The ‘role of community and lifestyle’ includes two case studies: Austin, Texas and Singapore’s one-north district. The former is one of the most successful knowledge cities in the world. It success can be traced back to successful cooperation between local authorities, business and academia, dating back to the early 1980s. The one-north district is not yet established as a knowledge city. For now it only largely exists in blueprints. The blueprint however, tries to incorporate the current body of knowledge on how to create a competitive, successful knowledge city.
Conclusions
Among the numerous policy recommendations and conclusions, the following are deemed very relevant:
  • When focusing on the process of developing a ‘knowledge city’ or a ‘knowledge precinct’ the private sector should be the main driver – influencing the characteristics and requirements based on their current and future business needs.

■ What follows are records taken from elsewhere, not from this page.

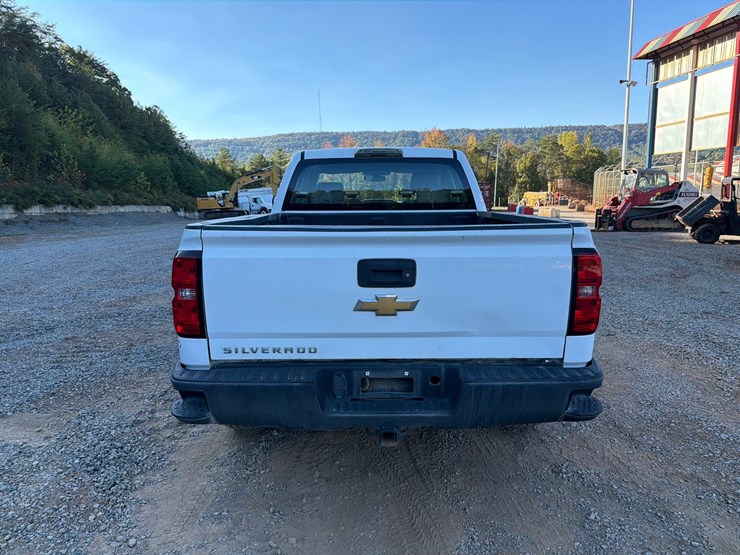 #4113-•-2018-chevrolet-1500-truck-image-4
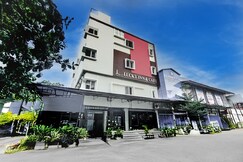 Hotel O Makassar near Mall Panakukang formerly Hotel Lucky Inn Makassar, Makassar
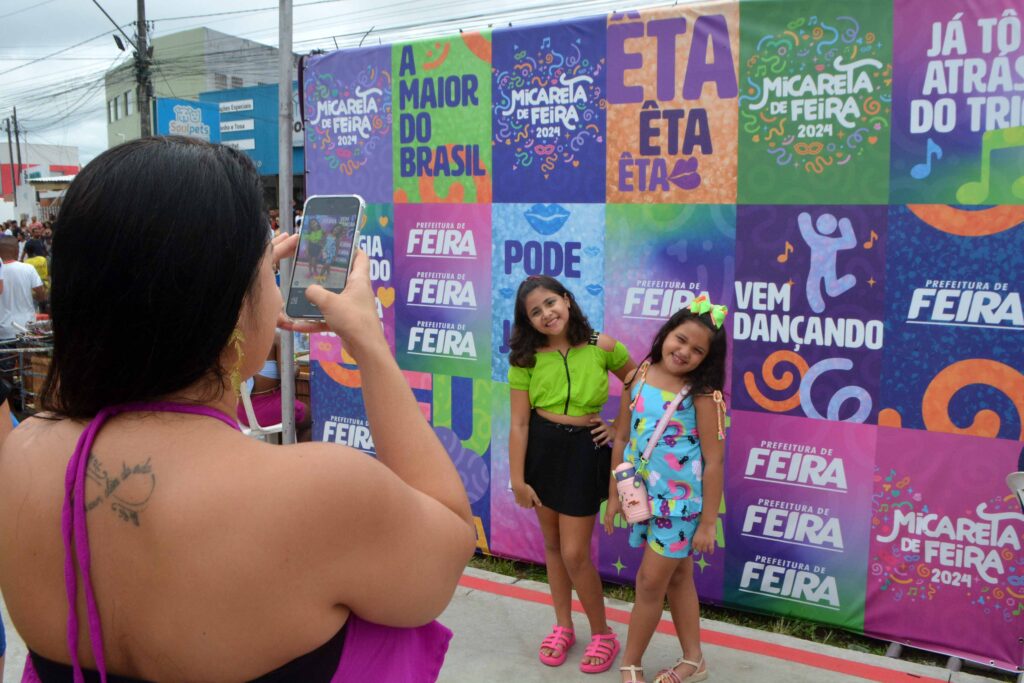 Cenário de fotos instagramável agrada foliões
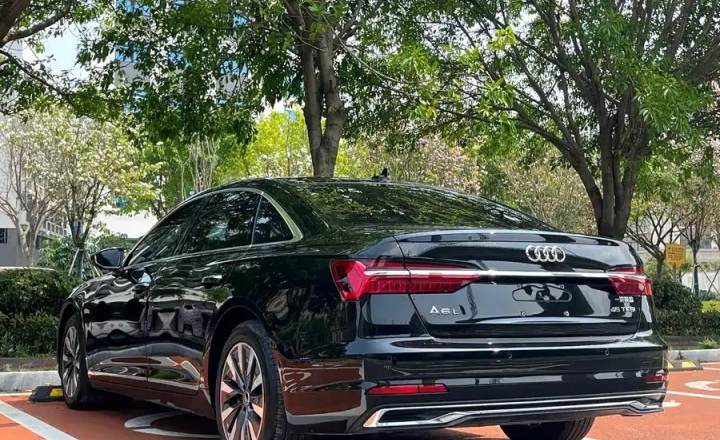 奥迪 A6L 2024款 45 TFSI 臻选致雅型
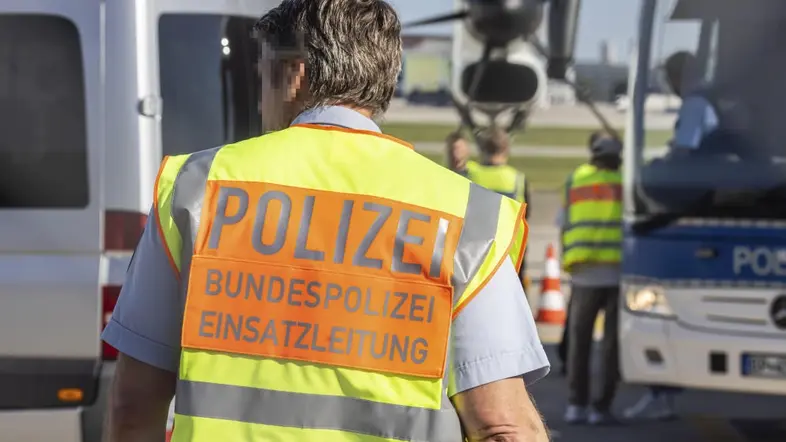 Polizist von hinten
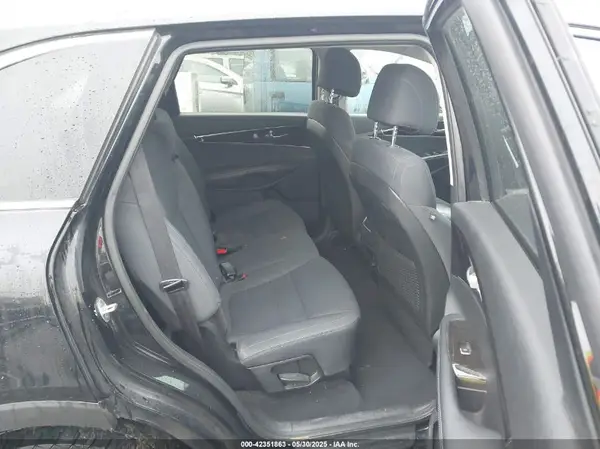 5XYPG4A30HG254825 2017 KIA SORENTO - Image 8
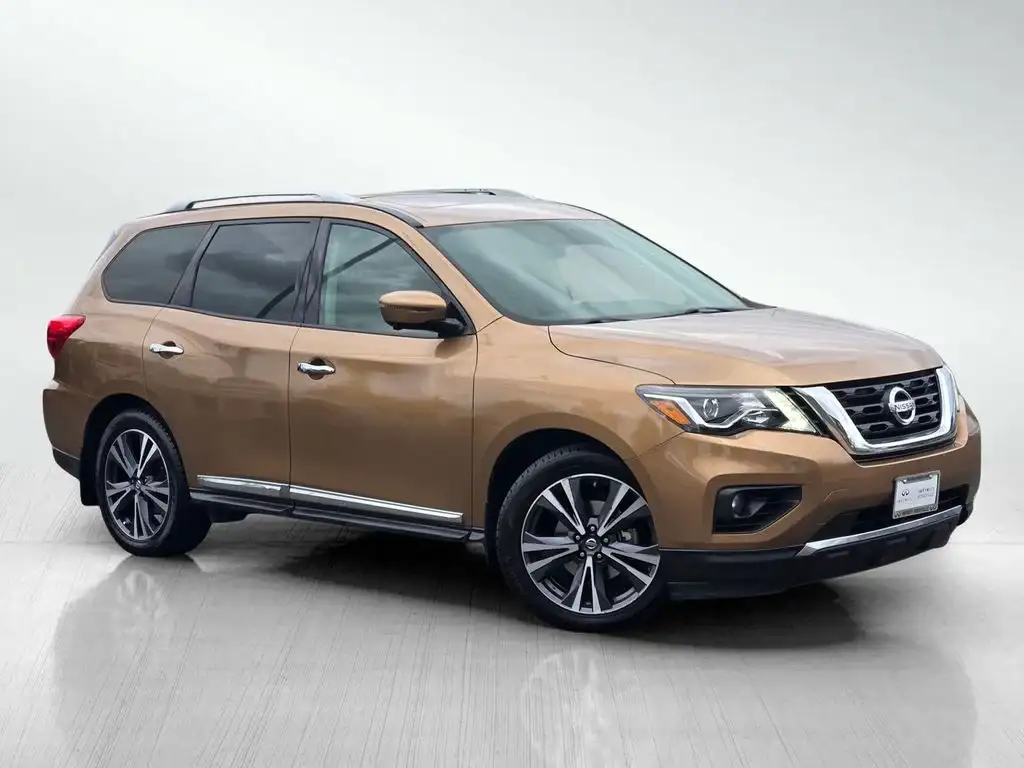 2017 Nissan Pathfinder Platinum 4WD's photo
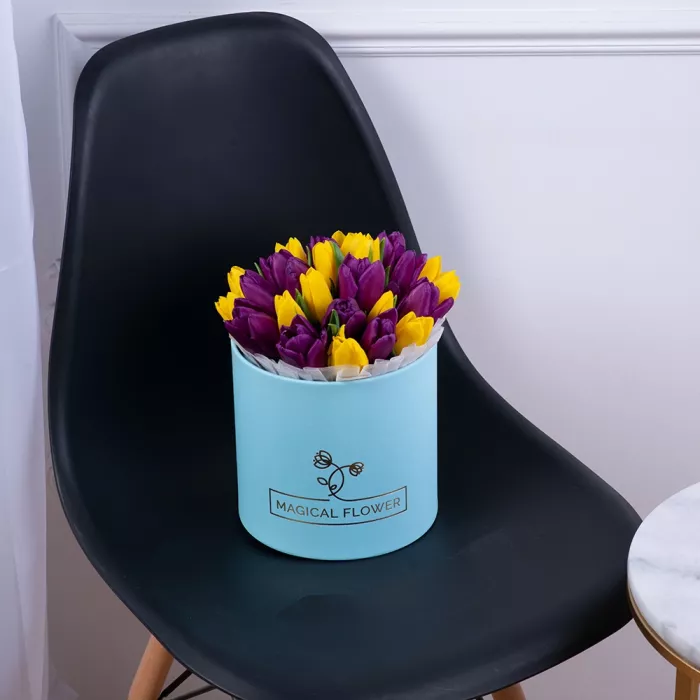 25 разноцветных тюльпан в голубой шляпной коробке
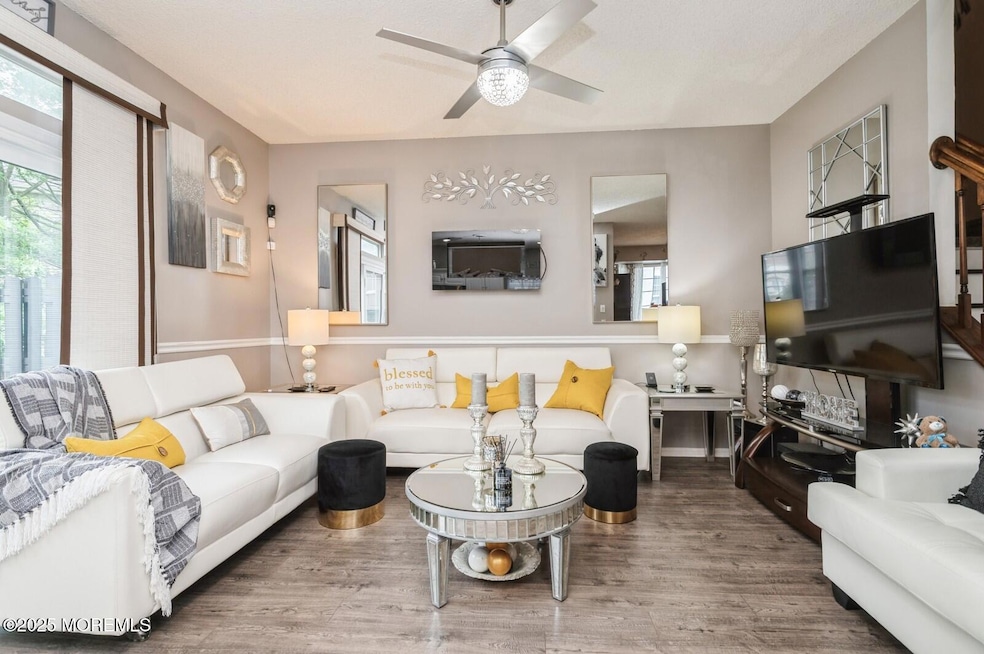 14_84AnnapolisSt_3001_FamilyRoom_Large
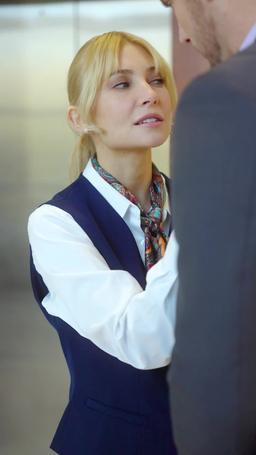 Após o Divórcio, Minha Ex-Esposa Virou uma Bilionária episode 9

  • One of the characteristics of the knowledge worker is their high demand: knowledge workers want both quality and quantity in their life. As cited in the publication: “Creative human beings just have no knowledge of the concept of ‘enough’ ” (Baum, p. 65). In their preferred living environment, the knowledge worker has high, sometimes conflicting demands.

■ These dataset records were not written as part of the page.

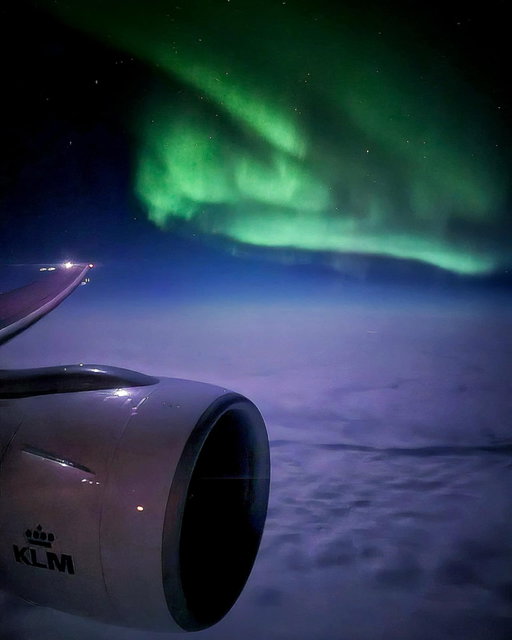 A moment of pure magic. Flying high above, where the aurora paints the night sky.💙🌌

#KLM #klmroyaldutchairlines #auroraborealis #northernlights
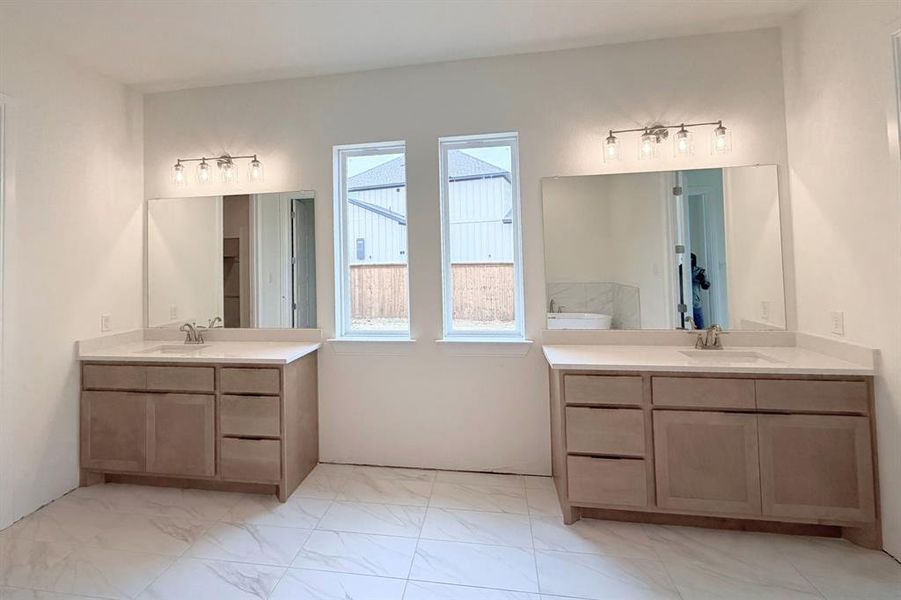 Furnished interior view inside a new home in Sweetgrass, Haslet (Image 6).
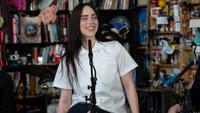 Billie Eilish est passé au Tiny desk , si vous aimez vous relaxer avec les chuchoteuses 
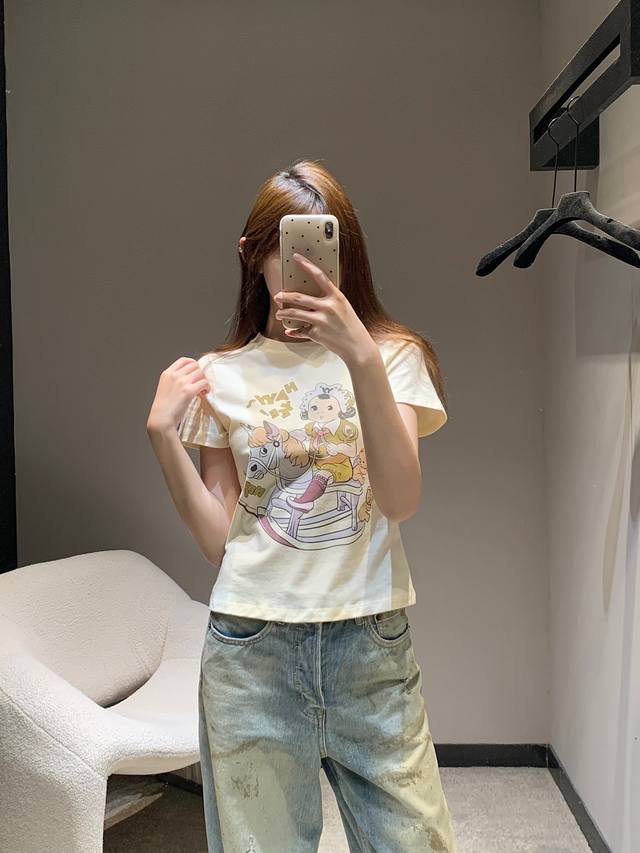 Open Yy 25Ss春夏新款 卡通印花圆领短袖T恤丨独家高版出品！清爽又时髦的Tee也太好看啦独特的可爱卡通印花设计！少女心爆棚真的很难不爱呀 修身短款的版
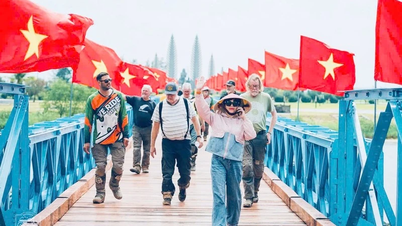 Peste 5.000 de turiști au vizitat situl istoric național unic Hien Luong-Ben Hai.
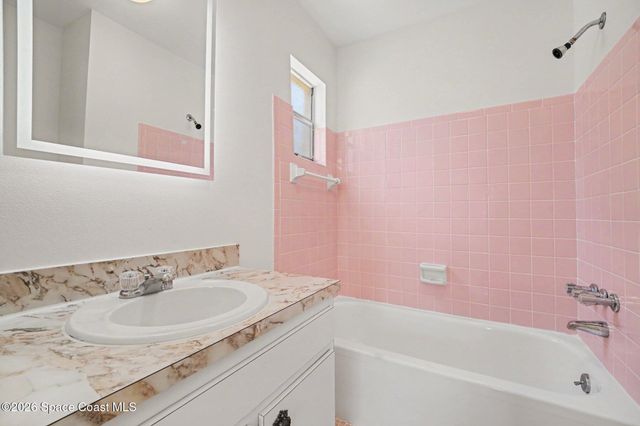 952 Bayberry Lane, Rockledge, FL 32955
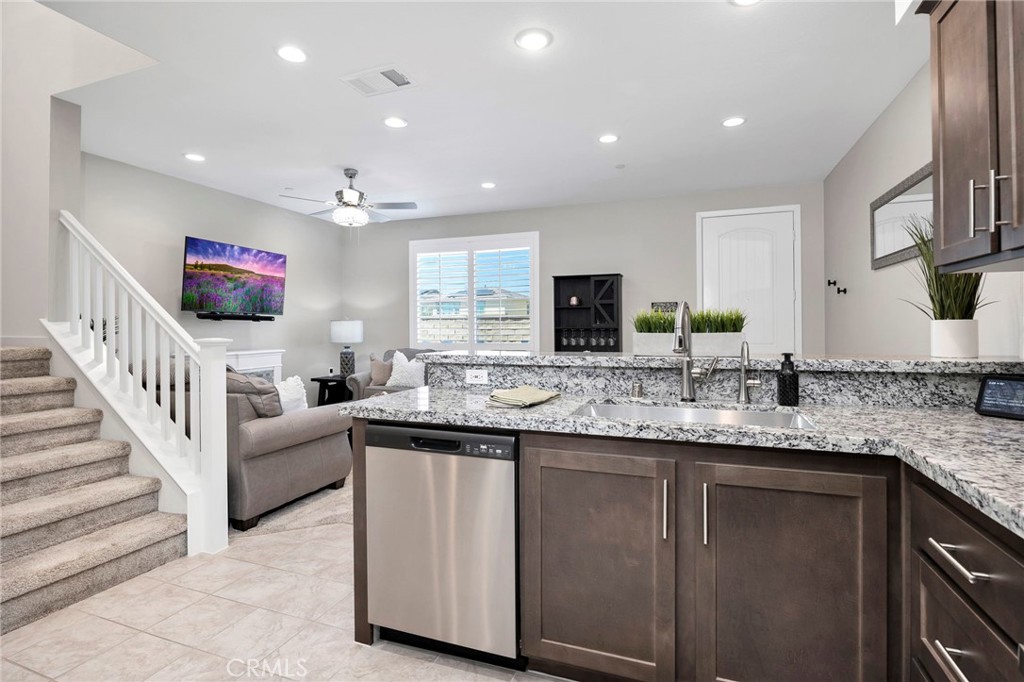 MLS #SW25276069 image #9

  • Because of this, the knowledge precinct space is a multi-dimensional construct of functional and stylistic necessities – a ‘total environment’.

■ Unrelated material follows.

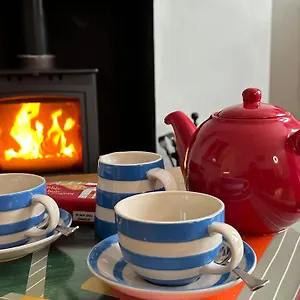 Artists' Holiday home
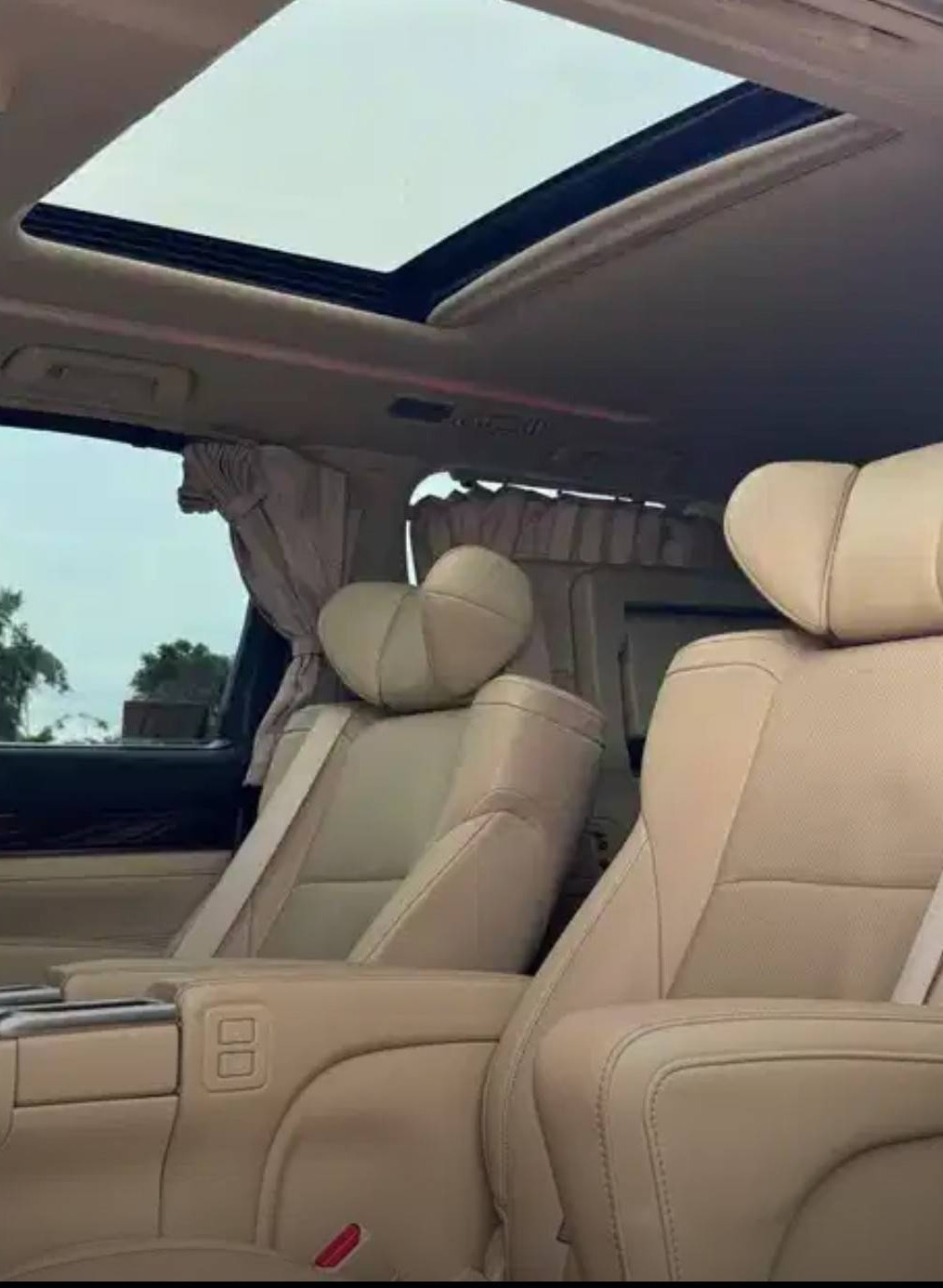 2018 Toyota Alphard  2.5 G A/T 2018 Toyota Alphard  2.5 G A/T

  • In the knowledge precinct social preference is for discrete, networked activity in stead of massed functional agglomeration. The challenge for policy makers is to provide for quantity of activity while maintaining the quality of discretion.
  • Mass knowledge production takes place in larger organisational settings. Most knowledge workers are wage employees. It should be an important objective of policy makers to distribute housing in close proximity to work space.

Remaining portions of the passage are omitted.